TASK-1 and TASK-3, members of the two-pore-domain channel family, are widely expressed leak potassium channels responsible for maintenance of cell membrane potential and input resistance. They are sites of action for a variety of modulatory agents, including volatile anesthetics and neurotransmitters/hormones, the latter acting via mechanisms that have remained elusive. To clarify these mechanisms, we generated mutant channels and found that alterations disrupting anesthetic (halothane) activation of these channels also disrupted transmitter (thyrotropin-releasing hormone, TRH) inhibition and did so to a similar degree.
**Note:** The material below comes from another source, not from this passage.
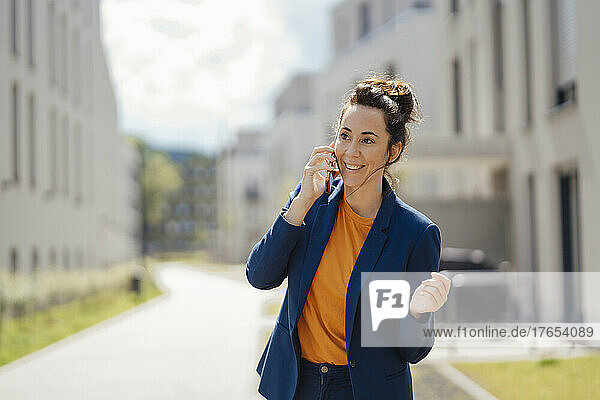 Smiling businesswoman talking on mobile phone standing on footpath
For both TASK-1 and TASK-3, mutations (substitutions with corresponding residues from TREK-1) in a six-residue sequence at the beginning of the cytoplasmic C terminus virtually abolished both anesthetic activation and transmitter inhibition. The only sequence motif identified with a classical signaling mechanism in this region is a potential phosphorylation site; however, mutation of this site failed to disrupt modulation. TASK-1 and TASK-3 differed insofar as a large portion of the C terminus was necessary for the full effects of halothane and TRH on TASK-3 but not on TASK-1. Finally, tandem-linked TASK-1/TASK-3 heterodimeric channels were fully modulated by anesthetic and transmitter, and introduction of the identified mutations either into the TASK-1 or the TASK-3 portion of the channel was sufficient to disrupt both effects. Thus, both anesthetic activation and transmitter inhibition of these channels require a region at the interface between the final transmembrane domain and the cytoplasmic C terminus that has not been associated previously with receptor signal transduction. Our results also indicate a close molecular relationship between these two forms of modulation, one endogenous and the other clinically applied.

Functional expression of TASK-1/TASK-3 heteromers in cerebellar granule cells.
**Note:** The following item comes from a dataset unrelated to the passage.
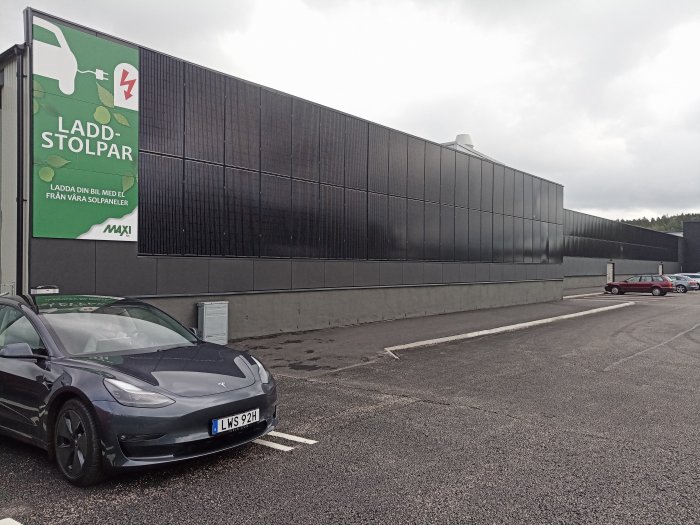 Tesla parkerad framför ICA-butik med solpaneler på väggen och skylt om laddstolpar.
TASK-1 and TASK-3 are functional members of the tandem-pore K+ (K2P) channel family, and mRNAs for both channels are expressed together in many brain regions. Although TASK-1 and TASK-3 subunits are able to form heteromers when their complementary RNAs are injected into oocytes, whether functional heteromers are present in the native tissue is not known. Using cultured cerebellar granule (CG) neurones that express mRNAs of both TASK-1 and TASK-3, we studied the presence of heteromers by comparing the sensitivities of cloned and native K+ channels to extracellular pH (pHo) and ruthenium red. The single-channel conductance of TASK-1, TASK-3 and a tandem construct (TASK-1/TASK-3) expressed in COS-7 cells were 14.2 +/- 0.4, 37.8 +/- 0.7 and 38.1 +/- 0.7 pS (-60 mV), respectively. TASK-3 and TASK-1/TASK-3 (and TASK-3/TASK-1) displayed nearly identical single-channel kinetics. TASK-3 and TASK-1/TASK-3 expressed in COS-7 cells were inhibited by 26 +/- 4 and 36 +/- 2 %, respectively, when pHo was changed from 8.3 to 7.3. In outside-out patches from CG neurones, the K+ channel with single channel properties similar to those of TASK-3 was inhibited by 31 +/- 7 % by the same reduction in pHo. TASK-3 and TASK-1/TASK-3 expressed in COS-7 cells were inhibited by 78 +/- 7 and 3 +/- 4 %, respectively, when 5 microm ruthenium red was applied to outside-out patches. In outside-out patches from CG neurones containing a 38 pS channel, two types of responses to ruthenium red were observed. Ruthenium red inhibited the channel activity by 77 +/- 5 % in 42 % of patches (range: 72-82 %) and by 5 +/- 4 % (range: 0-9 %) in 58 % of patches. When patches contained more than three 38 pS channels, the average response to ruthenium red was 47 +/- 6 % inhibition (n= 5). These electrophysiological studies show that native 38 pS K+ channels of the TASK family in cultured CG neurones consist of both homomeric TASK-3 and heteromeric TASK-1/TASK-3.